Conversely, suppose that the columns of \(\mathbf{A}\) indexed by elements of \(J\) are linearly independent. As \(\operatorname{rank}(\mathbf{A}) = m\), \(|J| \subseteq m\). If \(|J| = m\), then \(J\) is a basis determining the basic solution \(\mathbf{x}^*\). Otherwise, by a result in linear algebra, the columns indexed by elements of \(J\) can be extended to \(m\) linearly independent columns of \(\mathbf{A}\). The \(m\) indices of these column form a basis determining the basic solution \(\mathbf{x}^*\). Hence, \(\mathbf{x}^*\) is a basic solution.
As we are interested in more than solving systems of linear equations, we need to work with solutions to \(\mathbf{A}\mathbf{x} = \mathbf{b}\) that satisfy all the constraints of \((P)\). A basic solution \(\mathbf{x}^*\) to \(\mathbf{A}\mathbf{x} = \mathbf{b}\) with nonnegative components is called a basic feasible solution to the system \(\mathbf{A}\mathbf{x} = \mathbf{b},\ \mathbf{x} \geq \mathbf{0}.\)

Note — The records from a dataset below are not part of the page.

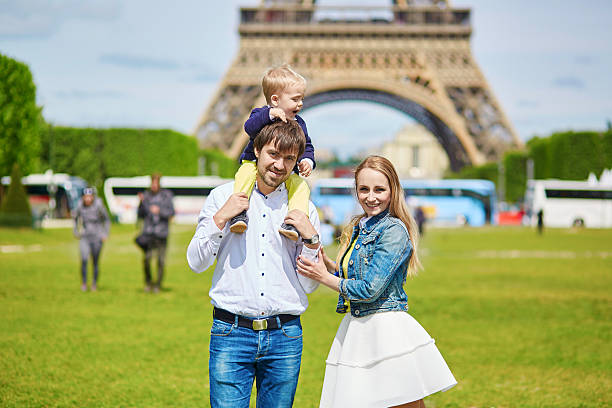 istock Happy family in Paris 476538288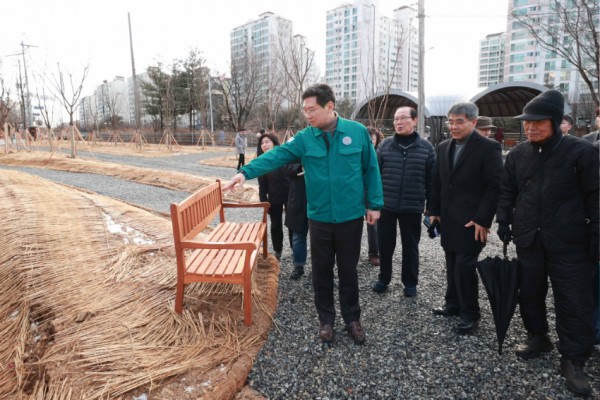 1-2. 4일 수지구 죽전동 미세먼지 차단숲 조성 현장을 방문한 이상일 용인특례시장이 현장점검을 하고 있다..jpg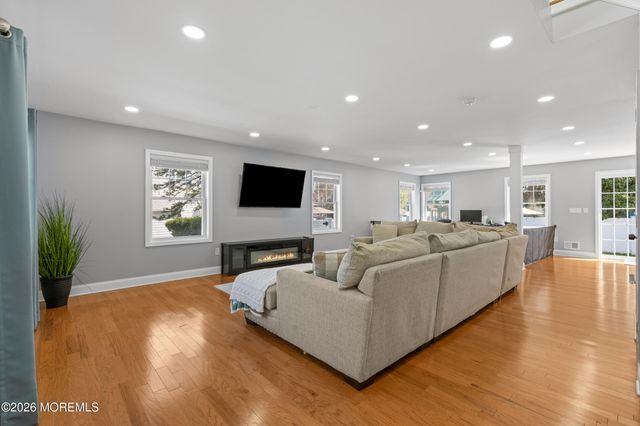1717 Grant Avenue, South Plainfield, NJ 07080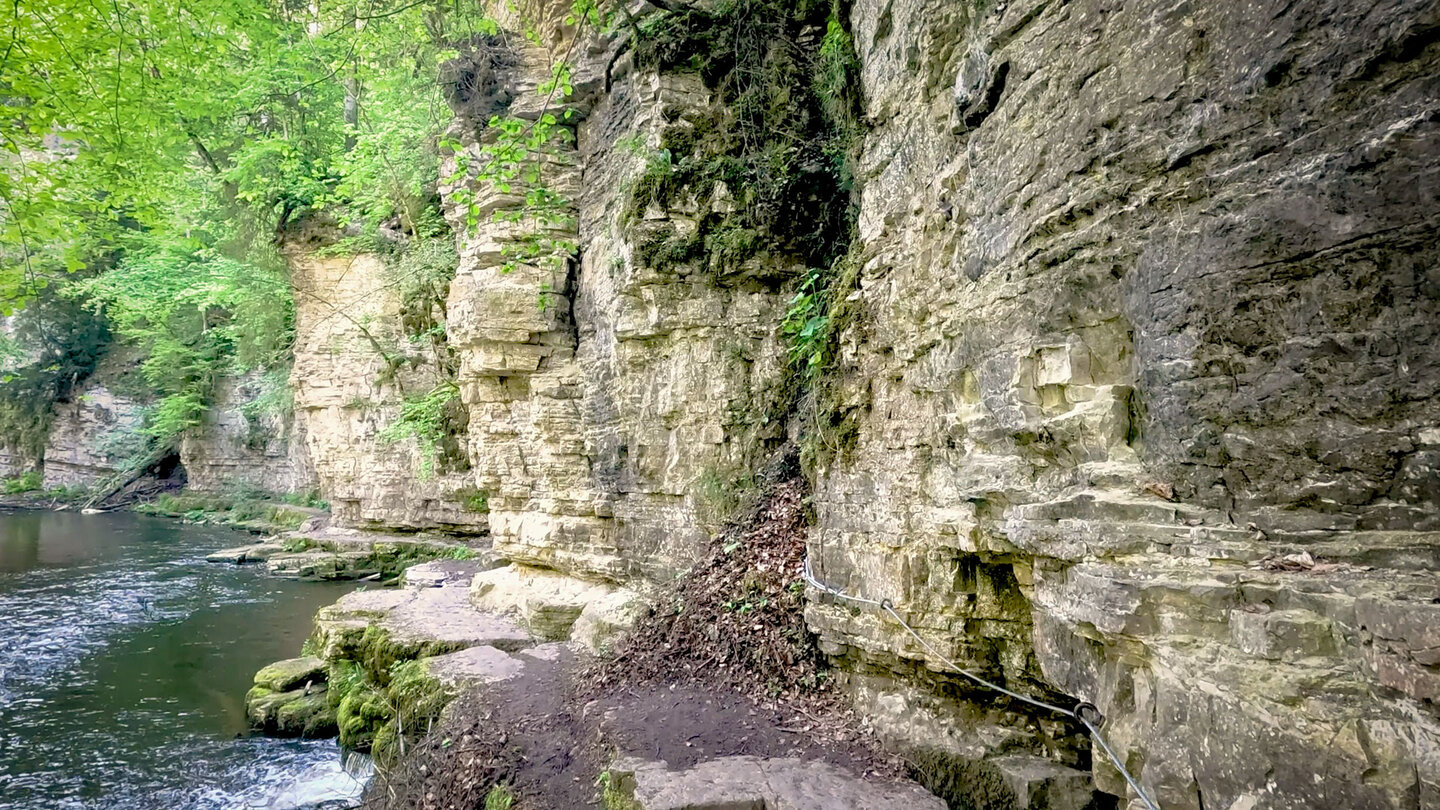 Felswände an der Wutach beim Wutachaustritt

Example. Consider the system \(\mathbf{A}\mathbf{x} = \mathbf{b}\) where \(\mathbf{A} = \begin{bmatrix} 1 & -2 & 1 & 1 \\ 0 & -4 & 1 & 2 \\ 0 & -6 & 0 & 3 \end{bmatrix}\) and \(\mathbf{b} = \begin{bmatrix}3\\3\\3\end{bmatrix}.\) Then \(\mathbf{x}^* = \begin{bmatrix} 1\\0\\1\\1\end{bmatrix}\) is a basic solution determined by the basis \(B = \{1,3,4\}\) because it satisfies the system and columns 1, 3 and 4 of \(A\) are linearly independent. Since all components are nonnegative, \(\mathbf{x}^*\) is a basic feasible solution to \(\mathbf{A}\mathbf{x} = \mathbf{b},\ \mathbf{x} \geq \mathbf{0}.\)
Note that \(\mathbf{x}' = \begin{bmatrix} 1\\-\frac{1}{2}\\1\\0\end{bmatrix}\) is a basic solution to \(\mathbf{A}\mathbf{x} = \mathbf{b}\) determined by the basis \(B = \{1,2,3\}\) but it is not a basic feasible solution to \(\mathbf{A}\mathbf{x} = \mathbf{b},\ \mathbf{x} \geq \mathbf{0}.\) because the second component is negative.
Let \(\mathbf{A} \in \mathbb{R}^{m\times n}\) with \(\operatorname{rank}(\mathbf{A}) = m\). Prove that every basis with respect to \(\mathbf{A}\) determines the same basic solution to \(\mathbf{A}\mathbf{x} = \mathbf{0}\).
Let \(\mathbf{A} \in \mathbb{R}^{m\times n}\) with \(\operatorname{rank}(\mathbf{A}) = m\) and let \(\mathbf{b} \in \mathbb{R}^m\). Let \(\mathbf{x}^*\) be a solution to the system \(\mathbf{A}\mathbf{x} = \mathbf{b}\). Let \(J = \{ i \in \{1,\ldots, n\} : x^*_i \neq 0\}. \) Prove that \(\mathbf{x}^*\) is a basic solution to \(\mathbf{A}\mathbf{x} = \mathbf{b}\) if and only if the columns of \(\mathbf{A}\) indexed by \(J\) are linearly independent.
Let \(\mathbf{A} = \begin{bmatrix} 1 & 2 & 0 \\ -1 & 1 & 1\end{bmatrix}\). Let \(\mathbf{b} = \begin{bmatrix} 4 \\ 2 \end{bmatrix}\). Determine all the basic feasible solutions to \(\begin{array}{r}\mathbf{A}\mathbf{x} = \mathbf{b}\\ \mathbf{x} \geq \mathbf{0}\end{array}\).